According to data from Farside Investors, a UK-based investment firm, net flows from the twelve US Bitcoin ETFs were negative on October 22. While the total outflows were $79.1 million, the lion’s share of that came from one ETF product in the ARK 21Shares Bitcoin ETF, with an outflow of $134 million.

The other ETF products either had no activity or still recorded modest inflows. For instance, BlackRock’s iShares Bitcoin ETF, one of the largest ETFs by assets under management, recorded $43 million in inflows.

Bitcoin ETFs and Institutional Demand

Bitcoin has been stuck in its current price range, less than 10% off its all-time high. Some analysts claim that Bitcoin’s sideways trading cooling inflows from institutional investors.

Despite the recent outflows, Bitcoin ETFs have been one of the hottest topics in the cryptocurrency market over the last few months. Institutional ownership of Bitcoin via ETFs has gone up dramatically this year.

According to data from the on-chain analytics platform CryptoQuant, institutional ownership of Bitcoin through ETFs currently comprises about 20% of its circulating supply. Interest in spot Bitcoin ETFs has grown outside the US, with European investors pumping more than 100 million dollars into these US-based crypto products alone in the last month.

Furthermore, on-chain data showed that the net inflow into the US-based Bitcoin ETFs has surpassed $20 billion this year, which was achieved just last week. Notably, there was over $5 billion in net inflows into these investment products in Q3 2024, underlining the continued demand for direct exposure to Bitcoin among institutional investors.

Japan’s Resistance to Crypto ETFs

While the United States and Hong Kong have made policies to accommodate Bitcoin ETFs, the regulatory framework in Japan is stricter. Tax and regulatory policies in Japan continue to impede the growing demand for crypto ETFs in this jurisdiction.

Japan’s primary regulatory body, the FSA (Financial Services Agency), is still cautious about allowing the launch of cryptocurrency-based ETFs in Japan because of their volatility and risks.

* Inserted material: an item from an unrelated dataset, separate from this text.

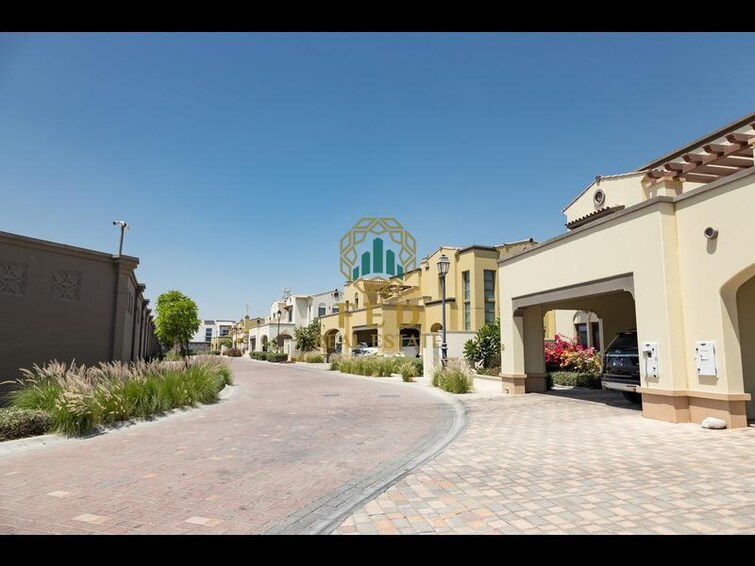 Mushrif Village Villa for Sale, Mirdif, Dubai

Similarly, Japan’s Ministry of Finance noted that gains from crypto investment should be categorized under miscellaneous income and that it is subject to a high tax rate of as much as 55%.

In contrast, traditional Japanese ETFs are subject to a 20% capital gain tax. Hence, many investors and advocacy groups within the country have expressed their displeasure at this huge difference.

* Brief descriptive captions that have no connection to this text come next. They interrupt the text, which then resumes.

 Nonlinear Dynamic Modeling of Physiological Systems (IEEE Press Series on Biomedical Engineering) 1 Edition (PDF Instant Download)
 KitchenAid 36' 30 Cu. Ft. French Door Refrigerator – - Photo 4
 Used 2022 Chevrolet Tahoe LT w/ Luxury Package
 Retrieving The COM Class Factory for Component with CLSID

If Japan can reduce its tax rate on cryptocurrency investments, it would actually spur more innovation and growth.

Growing Support for Crypto-Friendly Tax Reforms

Following the debate regarding crypto taxes, Yuichiro Tamaki, the leader of Japan’s Democratic Party for the People, has publicly called for changes in these tax reforms to accommodate more crypto investors. Tamaki suggested charging a separate tax for crypto assets like other forms of income at 20%, making them equal to more traditional financial instruments such as ETFs.

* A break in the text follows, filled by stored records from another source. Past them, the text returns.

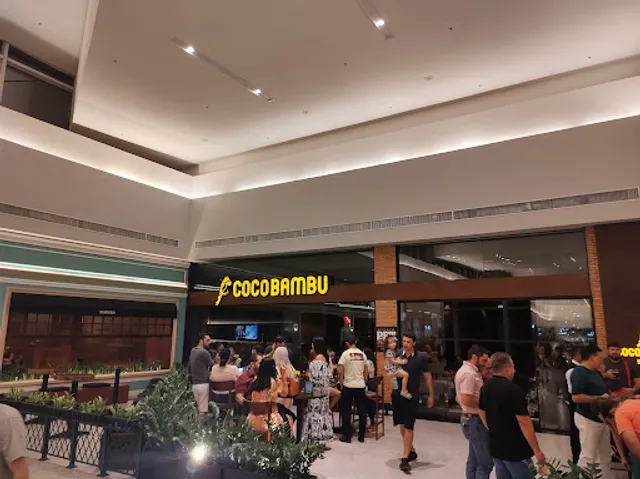 Coco Bambu Belém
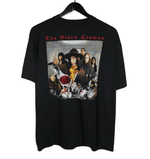 The Black Crowes 1992 High as the Moon Tour Shirt - Faded AU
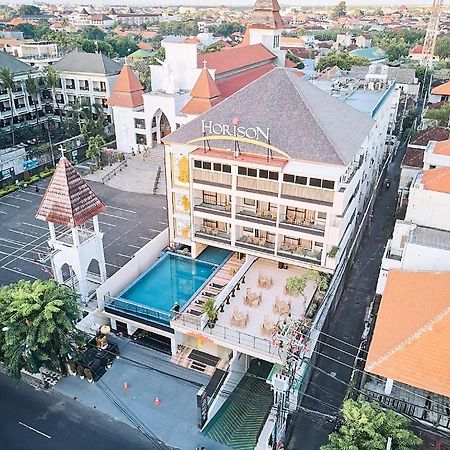 Hotel Horison Kuta Lombok Exterior foto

He added that there should not be any incidence of tax if crypto assets are exchanged against another crypto asset. While Tamaki’s party has a fairly small number of seats in the parliament of Japan, his proposals are attracting the attention of many from different sectors of the crypto community within Japan.

Japan’s Institutional Investors Stay Long on Bitcoin

Despite Japan’s regulatory obstacle, some of the country’s institutional investors remain adamant about having exposure to Bitcoin. For example, Tokyo-listed investment outfit Metaplanet has made the headlines in recent months with its aggressive accumulation of Bitcoin.

Earlier this month, the investment company added another 108.78 BTC, taking its total number to almost 640 BTC, now worth approximately $40.5 million. That move earned it the unofficial nickname of “Asia’s MicroStrategy” — a US-based business intelligence firm known for its BTC holding strategy.

Continued interest from domestic firms such as Metaplanet shows that Bitcoin remains a key asset of interest for institutional investors in the country.